Problem statement: Starting with the line that contains "19th Century Burmese", copy every line through the end of the data below, exactly and with nothing added.

-- -- --

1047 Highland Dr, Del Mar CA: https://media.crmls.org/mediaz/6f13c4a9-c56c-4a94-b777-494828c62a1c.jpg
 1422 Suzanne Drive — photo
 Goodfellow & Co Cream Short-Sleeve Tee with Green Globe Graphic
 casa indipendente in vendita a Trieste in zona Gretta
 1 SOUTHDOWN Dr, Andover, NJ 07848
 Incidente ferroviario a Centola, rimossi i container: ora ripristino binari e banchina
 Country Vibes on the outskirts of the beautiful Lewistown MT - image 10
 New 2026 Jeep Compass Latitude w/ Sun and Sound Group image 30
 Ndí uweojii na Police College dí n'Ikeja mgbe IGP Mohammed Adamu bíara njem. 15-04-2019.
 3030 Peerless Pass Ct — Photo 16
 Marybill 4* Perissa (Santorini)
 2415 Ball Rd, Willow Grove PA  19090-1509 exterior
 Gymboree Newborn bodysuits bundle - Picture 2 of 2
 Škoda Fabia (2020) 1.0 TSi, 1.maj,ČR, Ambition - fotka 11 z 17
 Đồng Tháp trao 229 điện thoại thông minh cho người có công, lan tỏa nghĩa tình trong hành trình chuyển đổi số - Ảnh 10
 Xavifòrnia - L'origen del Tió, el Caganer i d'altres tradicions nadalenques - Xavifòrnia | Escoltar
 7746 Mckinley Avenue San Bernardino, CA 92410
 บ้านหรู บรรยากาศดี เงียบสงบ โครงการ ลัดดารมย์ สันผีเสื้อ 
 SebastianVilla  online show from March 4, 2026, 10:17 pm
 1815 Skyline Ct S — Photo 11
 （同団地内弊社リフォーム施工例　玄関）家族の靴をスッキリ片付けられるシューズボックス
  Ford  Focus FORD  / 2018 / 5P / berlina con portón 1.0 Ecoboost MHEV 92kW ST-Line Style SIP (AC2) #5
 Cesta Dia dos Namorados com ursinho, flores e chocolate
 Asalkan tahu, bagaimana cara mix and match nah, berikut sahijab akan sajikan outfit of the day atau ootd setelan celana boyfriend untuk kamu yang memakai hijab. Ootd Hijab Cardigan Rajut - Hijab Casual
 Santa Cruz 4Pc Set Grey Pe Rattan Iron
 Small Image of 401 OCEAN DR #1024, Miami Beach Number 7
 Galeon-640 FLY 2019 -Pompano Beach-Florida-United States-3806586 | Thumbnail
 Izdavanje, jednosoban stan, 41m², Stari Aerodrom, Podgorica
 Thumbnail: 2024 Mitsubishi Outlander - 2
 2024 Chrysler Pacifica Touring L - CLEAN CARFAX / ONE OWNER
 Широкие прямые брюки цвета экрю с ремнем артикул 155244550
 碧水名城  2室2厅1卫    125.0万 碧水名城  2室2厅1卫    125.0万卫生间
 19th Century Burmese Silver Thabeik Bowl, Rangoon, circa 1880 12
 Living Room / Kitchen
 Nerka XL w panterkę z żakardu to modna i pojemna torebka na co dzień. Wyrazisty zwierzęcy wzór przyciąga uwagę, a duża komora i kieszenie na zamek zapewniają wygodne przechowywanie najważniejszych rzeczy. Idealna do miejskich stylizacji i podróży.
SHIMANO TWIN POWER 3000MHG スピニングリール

-- -- --

Solution to this exercise:
 19th Century Burmese Silver Thabeik Bowl, Rangoon, circa 1880 12
 Living Room / Kitchen
 Nerka XL w panterkę z żakardu to modna i pojemna torebka na co dzień. Wyrazisty zwierzęcy wzór przyciąga uwagę, a duża komora i kieszenie na zamek zapewniają wygodne przechowywanie najważniejszych rzeczy. Idealna do miejskich stylizacji i podróży.
SHIMANO TWIN POWER 3000MHG スピニングリール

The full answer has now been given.